Just a short year ago, economists of all stripes voiced fears of a rise in economic protectionism like that which contributed
mightily to the Great Depression. I’m thankful cooler heads have prevailed and the worldwide recession now eases.
President Obama’s decision to levy a tariff on Chinese tires marks a troubling departure from that one area
of economic serenity. By making the announcement late on a Friday evening, the president surely hoped to miss another catastrophic
news cycle of the likes that have plagued him for weeks. By levying the tariff on a small industry, he sought to bolster flagging
domestic support with a dose of 19th century protectionism. It is pure politics of the rankest sort.
Let me be
clear that this foolishness has long bipartisan roots.

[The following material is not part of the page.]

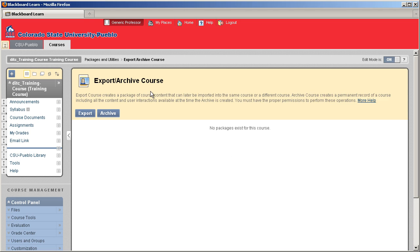Once you're in the export archive course, you're going to have two options, either export or archive. Now export will take out all the materials from your course and save it into a zip file so that it can later be uploaded into a new course for your next semester.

George W. Bush was also guilty of protectionism with steel tariffs.
The industry was far larger, but we were not then in the grips of a global recession. At least Mr. Bush learned one lesson
and did not repeat the mistake, but in this matter both men failed their country alike.
It’s no surprise
that, in light of this policy misstep, Mr. Obama is well blessed with an economic team who understands the need for free trade.
His economists and supporters—especially Paul Krugman—are strangely silent on an issue upon which they built their
reputation. Indeed, Krugman was elevated from tweedy professor to national columnist based on a popular book castigating the
Clinton administration for far smaller lapses in judgment.
The president’s choice of timing is suspect for
another reason. Coming as it did while Indiana Gov. Mitch Daniels was in Asia on a highly publicized trade mission raises
new questions. Is the president willing to spawn a trade war and dampen foreign investment in order to weaken a potential
rival in the 2012 elections? Let us pray it is merely ineptitude at the White House.
In times gone by, the Chinese
would simply respond by raising the tariff on U.S. tires. Those days are past.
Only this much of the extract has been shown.